The New Covenant was made with Israel since the church is spiritual Israel. When Christ told his disciples about the enactment of the New Covenant in His death (Mark 14:24), they would have immediately connected this up with Jeremiah 31:31-34. The disciples were all believing Jews, and so they understood the covenant to be fulfilled to them because they and all the church are believing or spiritual Israel (Heb. 8:6-14; 9:15-18). The church, then, is fulfilling the New Covenant.

Furthermore, the church collectively is to be a minister of the New Covenant and preach the forgiveness of sins to those in the unsaved world who will relate themselves to the mediator of the covenant, even Christ Jesus (2 Cor. 3:6). Furthermore, the Lord’s Table is to memorialize the New Covenant, which is for the church.


Theological Problems


                        The many facets of the New Covenant, especially in relation to the seed and land are ignored and spiritualized away.

                         This view fails to see that the New Testament does teach a future for Israel (Rom. 11).




The New Covenant in the Old Testament


                        Most historic premils believe that every aspect of the New Covenant promised to Israel must be fulfilled, even the seed and land aspects. Words mean nothing if Israel is not to have these promises and God deceived this nation.

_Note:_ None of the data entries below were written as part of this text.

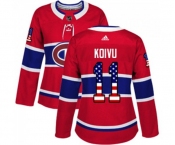 Women Adidas Montreal Canadiens #11 Saku Koivu Authentic Red USA Flag Fashion NHL Jersey
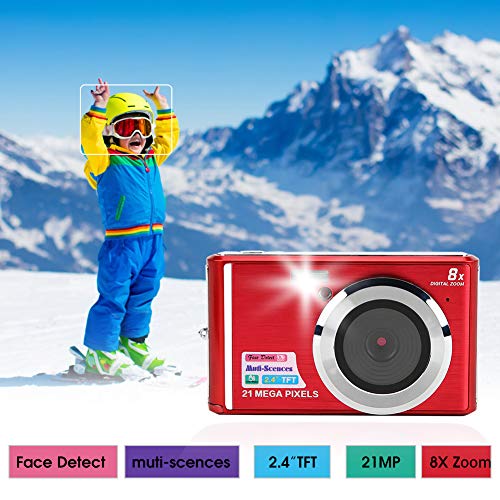 Digitalkamera, 2,4 Zoll 21 MP HD Kamera, Wiederaufladbare Minikamera TFT Flüssigkristallanzeige 8-facher Digitalzoom… – Bild 5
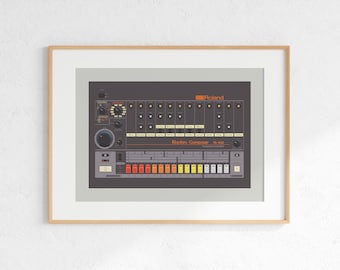 Roland TR-808 Drum Machine Digital Print, Retro Synth DJ Music Poster Design, Producer Music Studio Wall Art, Download - Grey Background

                        Some historic premils feel that only the spiritual aspects of the covenant are fulfilled to the church and God has finished with Israel but believe in the millennium from Revelation 20.

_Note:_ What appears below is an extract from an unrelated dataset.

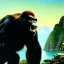 Placeholder: Drawing of 'King Kong on Skull island', painting by Earl Norem, simon Bisley,frazetta,西嘛哒, evan lee, Vallejo,kelly oil on canvas, cinematic composition, extreme detail,fit full head inside picture,8k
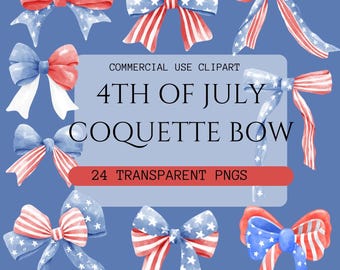 24 Watercolor 4th of July Coquette Bows Clipart,Ribbons Clipart,Fourth of July Clipart,American Bows, Digital PNG, Flag Bow Clipart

The New Covenant in the New Testament


                        It is clear that the New Covenant was made with Israel and Judah (Jer. 31). The New Covenant primarily deals with the forgiveness of sins for sinners based on the blood atonement of Christ’s sacrifice, so in the context of Jeremiah 31, it deals with the forgiveness of Israel. However, the Book of Hebrews, especially Hebrews 8, tells us that the New Covenant is not only for believing Israel but also for the church. There will be a future and total fulfillment of the New Covenant to national Israel in or around the second advent of Christ but right now the church is partaking of the spiritual blessings and power of the New Covenant.

Christ told His disciples that His shed blood was the official enactment of the New Covenant, and Christians are to remember the New Covenant by par­taking of wine at the Lord’s Table (Luke 22:20; Matt. 26:26). The Lord’s disciples were all Jews and knew the Old Testament well and they would have immedi­ately connected our Lord’s teaching with Jeremiah 31. They were told that the New Covenant was to provide the forgiveness of sins for “you” (the dis­ciples - Luke 22:20) and for “many” (all who trust Christ - Matt. 26:28).

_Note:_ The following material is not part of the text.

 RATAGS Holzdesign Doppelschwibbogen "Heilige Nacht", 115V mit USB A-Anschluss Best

                        The blessings of the New Covenant are for all who believe in Christ and His death for them, even the Old Testament saints (Heb. 9:15). The New Covenant is definitely applied to the church and without it we would have no for­giveness of sins (Heb. 10:15-18).

The New Covenant is for both Israel and the church. Remember, the disciples were all Jews, Israelite members of the Old Covenant people of God. These disciples were believing Jews and were soon to become part of the church, which officially began on the Day of Pentecost. The disciples clearly understood that the New Covenant was for them.

                        The great majority of the Jewish nation had rejected the Messiah and they forfeited their citizenship in the commonwealth of Israel, but the disciples and all the Jews who accepted Messiah considered themselves to be the true Jewish, elect remnant, and all the privileges and promises of the Abrahamic Covenant and now the New Covenant belonged to them. As the believing remnant in Israel, the disciples were the true spiritual seed of Abraham; they claimed the promises of the New Covenant for themselves, for they were convinced that they were true Israel and Judah (Eph. 2:12,13,15-22; Rom. 11:25-27).

                        All believers in the church age, whether Jew or Gentile, are the true spiritual seed of Abraham and heirs of the covenants as God’s elect. Today, the church is spiritual Israel, partaking of the salvation bless­ings of the New Covenant.

                        Just because the church is spiritual Israel does not mean that God is finished with national Israel. The church as spiritual Israel does not preclude the fact that there will yet be a future application of the New Covenant to national Israel. In Romans 11, it seems that “all Israel shall be saved”, and the context is about physi­cal Israelites living at that time. The New Covenant will be applied to literal Israel and Judah at the second advent of Christ.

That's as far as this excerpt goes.